Brett Eppehimer

Personal information
- Born: May 28, 1976 (age 49) Pottstown, Pennsylvania
- Nationality: American / Italian^{[citation needed]}
- Listed height: 6 ft 0 in (1.83 m)
- Listed weight: 170 lb (77 kg)

Career information
- High school: The Hill School (Pottstown, Pennsylvania)
- College: Lehigh (1995–1999)
- Playing career: 1999–2006
- Position: Point guard

Career history
- 1999: Pennsylvania ValleyDawgs
- 1999–2000: SG Braunschweig
- 2000–2001: Tenerife
- 2001–2002: London Towers
- 2002–2003: Ilysiakos
- 2003: Los Barrios
- 2003–2004: Sicilia Messina
- 2005: Eurorida Scafati
- 2005–2006: Giants Bergen op Zoom

= Brett Eppehimer =

American-Italian basketball player

Brett Eppehimer (born May 28, 1976, in Pottstown, Pennsylvania) is an American-Italian former NCAA Division I and professional basketball player.

==College career==
Eppehimer attended Lehigh University (1995–1999), in Bethlehem, Pennsylvania, where he played NCAA Division I basketball and finished with 1,742 career points. The point guard/shooting guard averaged over 20 points per game, in three different seasons, and led the Patriot League in scoring twice. In 1998, Eppehimer finished as the 4th leading scorer in college basketball, averaging 24.7 points per game.

==Professional career==
Following university, Eppehimer signed in Europe, with Braunschweig of the German Basketball Bundesliga. During his first professional season, he averaged 20.7 points and 6.2 assists per game, both top-10 in the league. Eppehimer (a dual citizen of the United States and Italy) earned All-Bosman 1st team, awarded to the best European players in Germany.

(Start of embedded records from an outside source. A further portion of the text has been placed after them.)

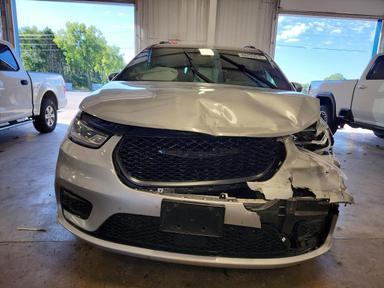Vue de 2023 CHRYSLER PACIFICA TOURING L, angle 5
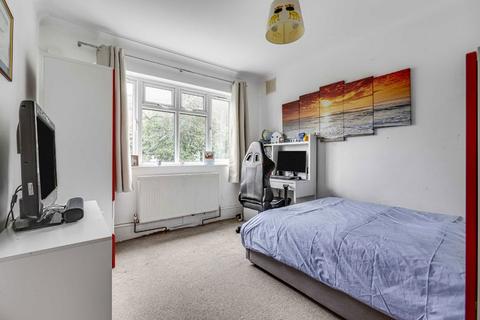 3 bedroom flat for sale, Lancaster Close, Kingston Upon Thames KT2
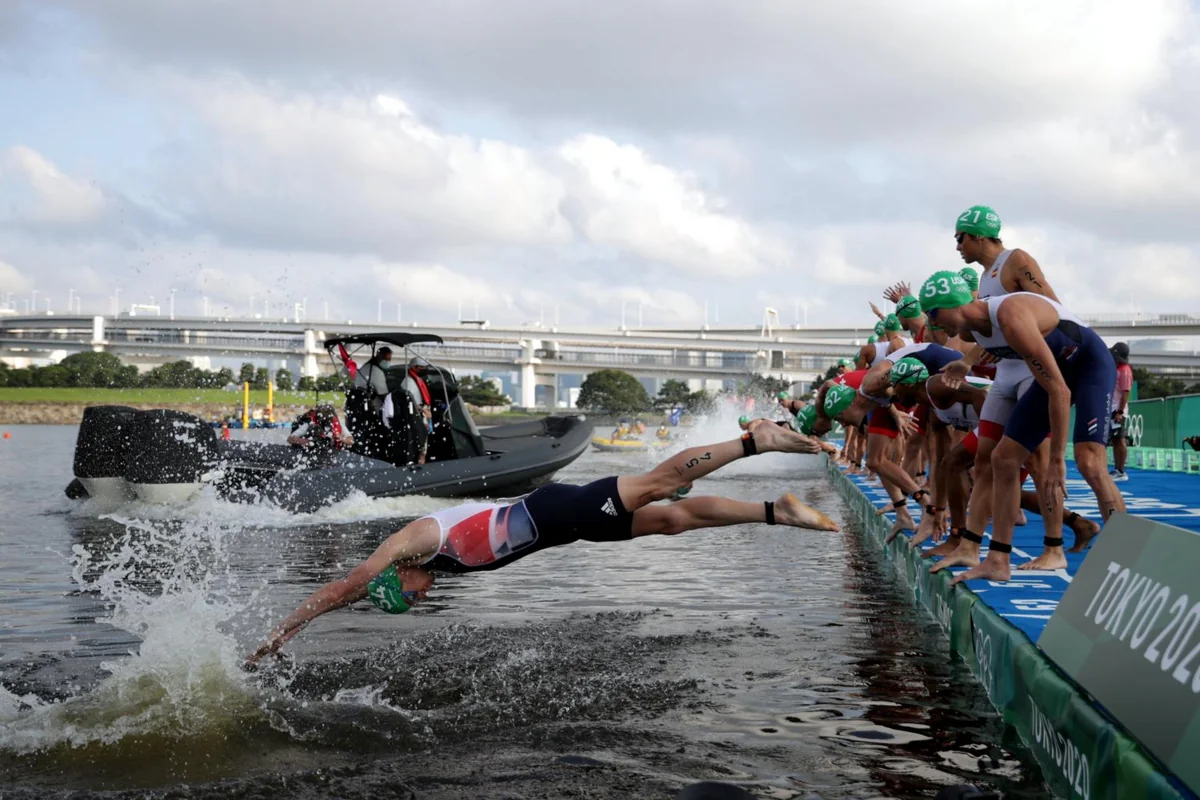 Tokio-2020: Triatlonçular faciədən son anda xilas oldular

Eppehimer played another seven seasons professionally. The clubs he played for included: Tenerife CB (Tenerife, Spain), London Towers (London, England) of the BBL and EuroLeague, Ilysiakos Athens (Athens, Greece), CB Los Barrios (Los Barrios, Spain), Sicilia Messina (Messina, Italy), Legea Scafati (Scafati, Italy), and the Polynorm Giants in Bergen-op-Zoom, Netherlands.

==Personal==
Eppehimer is the older brother of professional basketball player Nick Eppehimer.